David knew that almost all the tourist
s were a little nutty on the subject of French wine. They tended to drink too much of it, feeling that they had to indulge while they could. And it occurred to him that perhaps drunk guests, tonight anyway, might be less likely to make the kind of trouble he was afraid of. Trouble would actually be excellent, he thought, as long as it was something like someone tipping over in his chair, sleeping with someone other than his partner, or starting a political argument–the usual effects of overimbibing that they’d seen plenty of once they’d started having paying guests at the Château.
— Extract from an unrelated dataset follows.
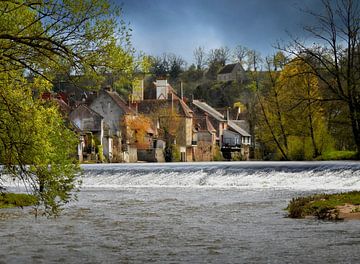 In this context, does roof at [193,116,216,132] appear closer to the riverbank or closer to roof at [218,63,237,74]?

He gave them all a beaming smile and ducked out, heading for the wine cellar. This, he thought, is just the night for a bottle or two on the house.
The wine cellar stairs came up into a narrow hallway just off the kitchen. It was gloomy down there, rows and rows of bottles covered in cobwebs, some of them laid down by great-grandparents. And considering the lifespans in the la Motte family, that meant some very old bottles. Bottles with handwritten labels. Aged, ancient bottles that nobody really knew what was in them.
It made David grouchy, being in the wine cellar. He still liked the flavor of wine, and the smell of it, but of course, being a vampire meant that he felt nothing when he drank it. No moments of euphoria, no relief from stress. He was amused by the pretensions of some of his guests, who went on and on about various wines as though the taste was all that mattered. It was important, no doubt. But when wine doesn’t give you any kind of high at all? Not really worth it. The taste all by itself was a little hollow, though he drank it anyway. Partly because not to would attract all kinds of attention.
He walked down the rows, picking a bottle here and there–something good enough that the guests felt taken care of, but not so good as to be squandering money.
Callie Armstrong. He shuddered again.
Moments after David left the dining room, Jo appeared in the doorway. She had once more taken her time with her bath, her hair, and her makeup. She had the glow that comes from a day spent almost entirely outside, doing something physical. Her hair was in a loose chignon and some tendrils had already escaped, framing her face. A bit unusual for her, she had put on very red lipstick, making her mouth the center of attention.